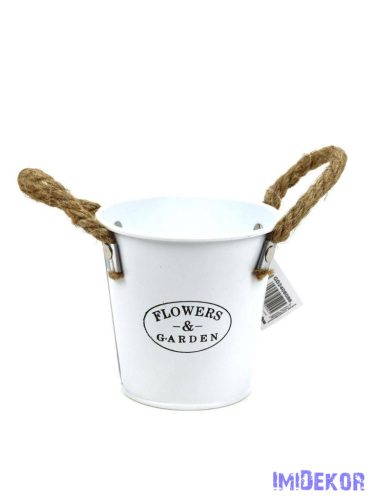 Kötél füles bádog vödör kaspó Flowers Garden 10cm - Fehér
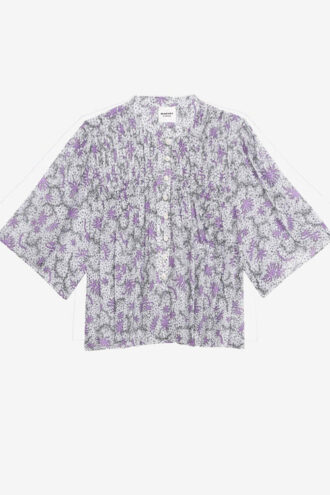 Destiny smocket bluse i bomuldsvoile med print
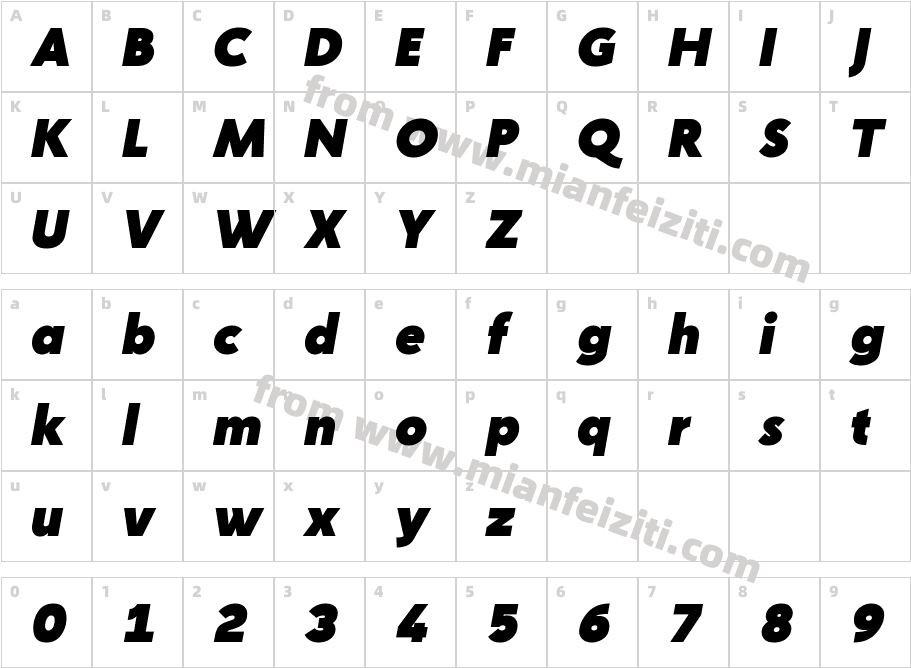 Creo Black Italic字体映射图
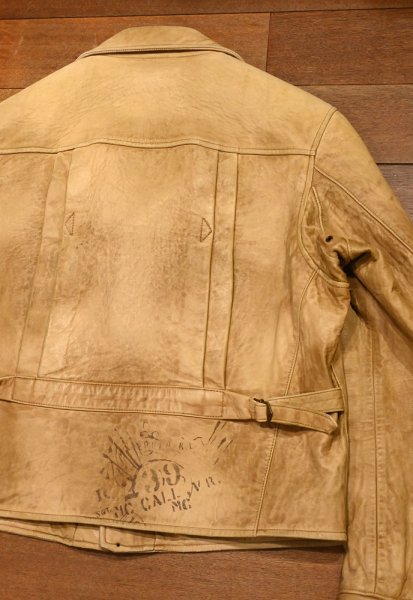 画像22: PoloRalphlauren ポロラルフローレン ディアスキン 鹿革 ダブル ライダースジャケット ビンテージ加工(BEIGE/L)ビンテージ 中古 (22)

* * * * * * *

[Assigned task]:
An exact reproduction of the data above is required, with every picture removed.

[Expected output]:
 Kötél füles bádog vödör kaspó Flowers Garden 10cm - Fehér
 Destiny smocket bluse i bomuldsvoile med print
 Creo Black Italic字体映射图
 画像22: PoloRalphlauren ポロラルフローレン ディアスキン 鹿革 ダブル ライダースジャケット ビンテージ加工(BEIGE/L)ビンテージ 中古 (22)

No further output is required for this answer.